_To do_: Copy exactly the lines of the data below, beginning with the line with "18 Applejack boulevard, Clyde VIC 3978" and ending with the line with "Maquina de costura singer". Pictures are to be omitted.

_Given information_:

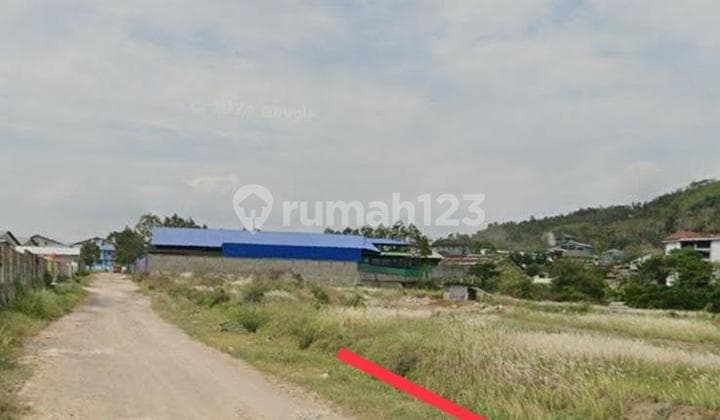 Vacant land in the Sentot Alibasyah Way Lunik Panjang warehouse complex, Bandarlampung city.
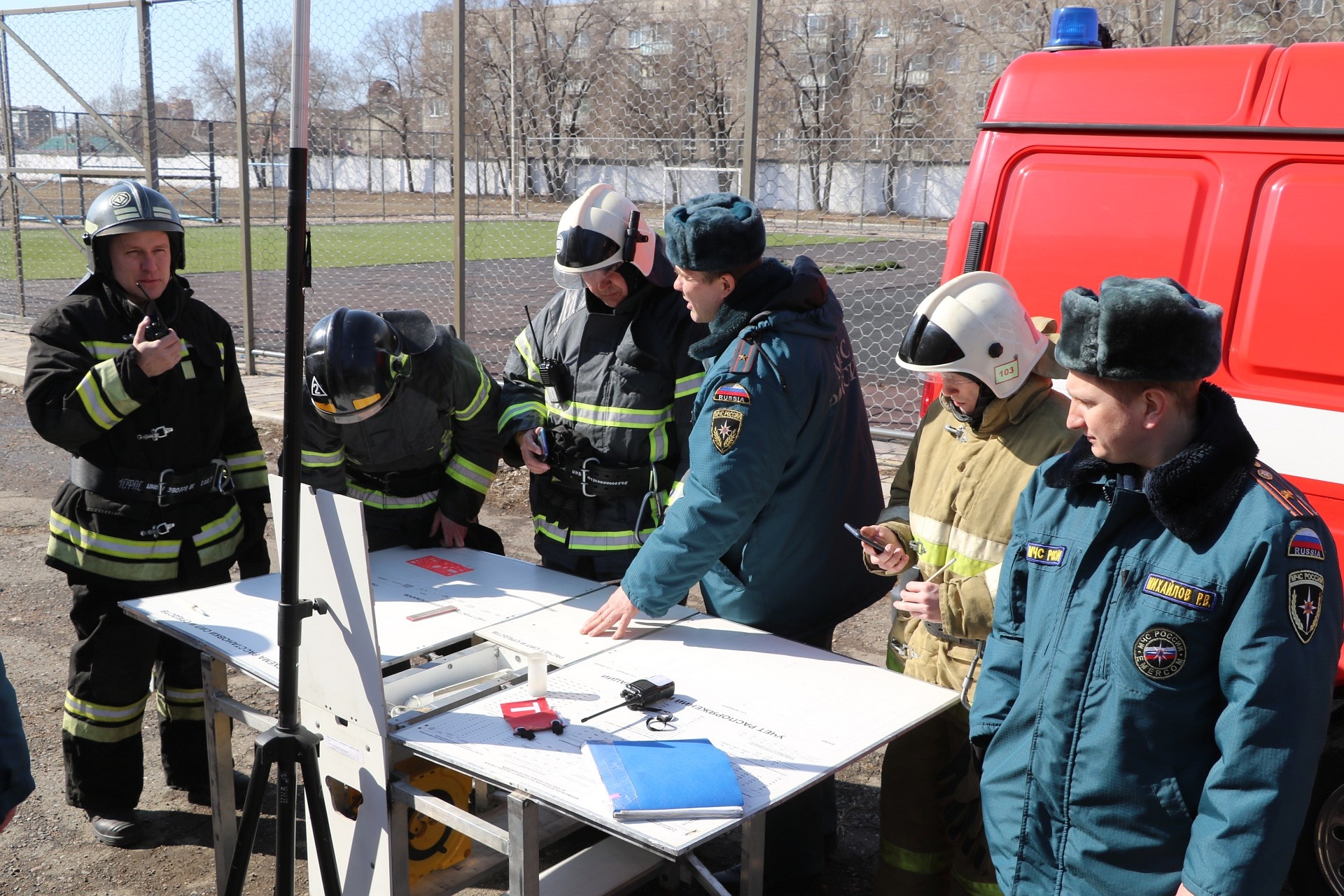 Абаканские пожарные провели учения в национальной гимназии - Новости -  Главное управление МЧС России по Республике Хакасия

---

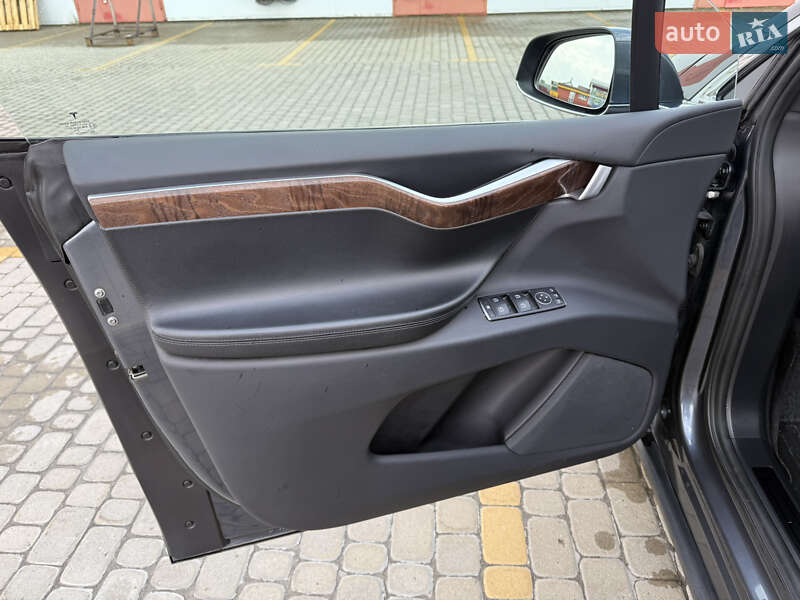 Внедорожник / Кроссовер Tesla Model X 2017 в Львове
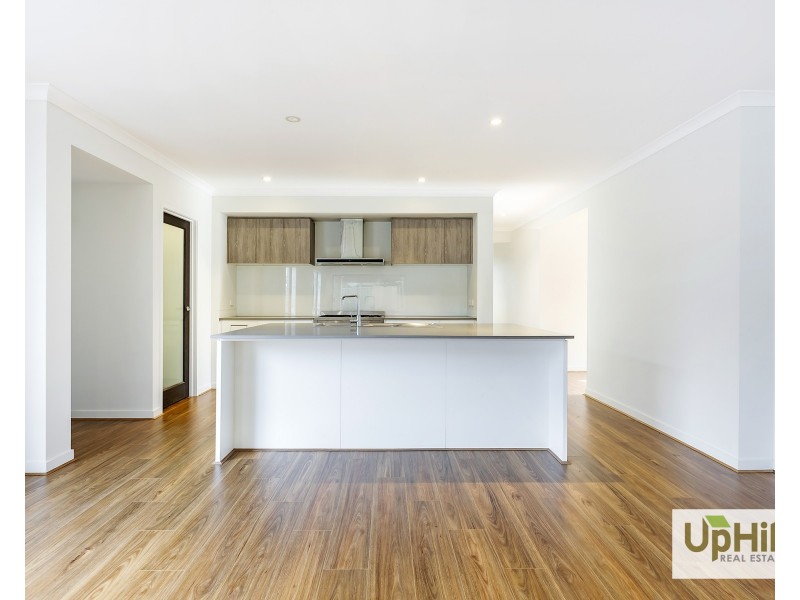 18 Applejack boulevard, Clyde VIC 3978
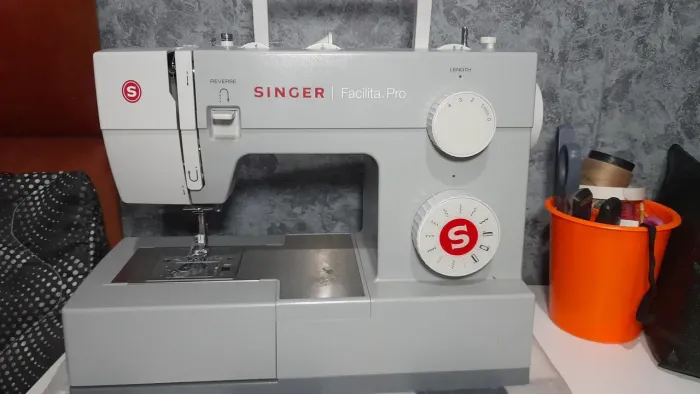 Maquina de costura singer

_Response below_:
 18 Applejack boulevard, Clyde VIC 3978
 Maquina de costura singer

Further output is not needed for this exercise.